Attorney-General asked to probe Likud deal to topple Bennett

Likud had reportedly promised Orbach a slot on the party’s list and a cabinet ministry if he would vote to dissolve the Knesset.

Two watchdog groups asked Attorney-General Gali Baharav-Miara on Thursday to examine whether the Likud had made in a legal agreement with rebel Yamina MK Nir Orbach.

A deal with the Likud
Channel 12 reported on Wednesday night that the Likud had promised Orbach a reserved slot on the party’s list and a cabinet ministry in a Likud-led government if he would vote to dissolve the Knesset and bring down Prime Minister Naftali Bennett.

“This is a gross case of trampling the instructions of the law.”

The Movement for Quality Governments lawyer
The Movement for Quality Government wrote Baharav-Miara that the law forbids such agreements until 90 days before a declared election.
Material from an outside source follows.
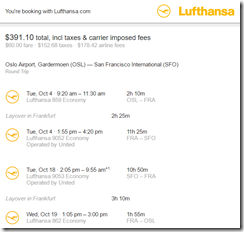 OSL-SFO $391 LH Oct 4-18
The group wrote the attorney-general that the Likud had committed a crime by reaching agreements with both Orbach and former coalition chairwoman Idit Silman.

A “stinking maneuver?”
“This is a gross case of trampling the instructions of the law,” the movement’s lawyers wrote. “It requires an immediate criminal investigation of everyone involved in the matter.”

The law was changed in 1991, following the infamous “stinking maneuver,” in which then-foreign minister Shimon Peres tried to overthrow then-prime minister Yitzhak Rabin and their national unity government.

The left-wing group Darkenu asked Baharav-Miara to clarify that such agreements are illegal even if made in an unofficial handshake deal and to probe the head of Likud, opposition leader Benjamin Netanyahu.

“Corruption is unacceptable and law enforcement officials must ensure that a man indicted in three cases does not continue to corrupt the public sphere with illegal offers to members of Knesset to defect from the coalition for a future job,” Darkenu director-general Yair Yaya Fink wrote the attorney-general.